Grandma stopped dusting and adjusted her specs, "Damn spectacles must be dusty." She snapped.

"You need new glasses Gran." I said bluntly.

"Fiddle sticks do I! There's nothing wrong my sight."

"You need an eye test."

"Damn it Sky can't you see I'm busy. I don't want that old coot visiting me again. Forty years of marriage was bad enough and I have a whole eternity in his company to look forward to when I die."

"Fine. It's too early in the morning to argue with you."

Too tired to argue I left the old bat to ward off Grandpa's spirit. It wasn't easy living in a family of witches.

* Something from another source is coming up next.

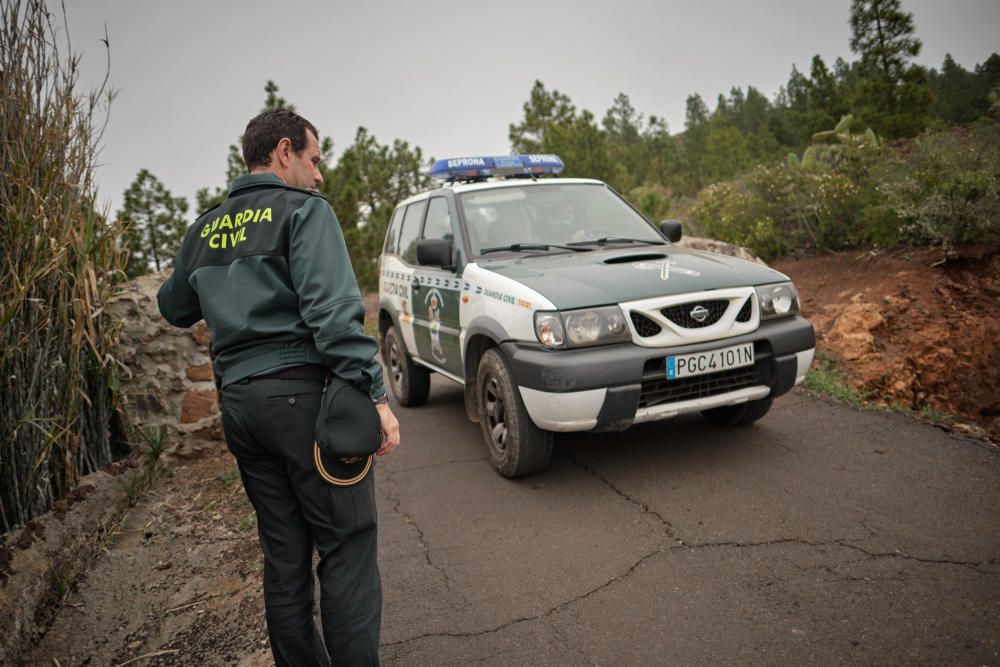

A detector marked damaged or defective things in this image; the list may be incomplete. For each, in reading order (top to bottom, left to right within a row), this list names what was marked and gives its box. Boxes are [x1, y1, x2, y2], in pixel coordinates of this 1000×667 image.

crack in asphalt [380, 468, 466, 604]
crack in asphalt [382, 544, 664, 648]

There was no way I could go to a normal school or have normal friends. The good church-going folk of the near by towns were far too conservative for the likes of us 'freaks'. Grandma and I were renowned for our eccentric dress sense. Our reputation for unusual Gothic apparel caused a sensation when we made those rare trips to town. Grandma would spend hours braiding ribbons and flowers into her long gray hair before we went. She always wore her hair down over her green velvet cloak and people would stop their cars and stare at her as she paraded down the main street. She loved attention. While I on the other hand shied away from it. I didn't invite people to stare at me like she did. Towns were like an alien planet to me. I was far more comfortable in the forest. From an early age the isolation of the forest became a safe haven from the odd looks and cold stares of the local people. I would spend hours wandering the forest sitting in trees talking to nature spirits and watching the passing of the seasons. From this I had learned solitude and because it all I knew loneliness never bothered me. People were not my destiny. I would live alone forever once Grandma died, then I would eventually die and with me so would the ancient magic that flowed through my veins. I was the last of my family.

Stepping out into the morning air I stretched and inhaled the cool fresh air. I think today I would go forging in the forests for wild blackberries then I might cook up some jam later or bake a pie.

"Sky!" Grandma summoned loudly from with in the house.

I hated shouting so I headed back inside the house and replied with a sensible volume, "Yes?" .

"Could you cast a spell for the vegetable harvest this year?" she asked.

"Sure. I'm going blackberry picking first then I shall do it. Leave the spell out on the side or bookmark it whatever." I shrugged.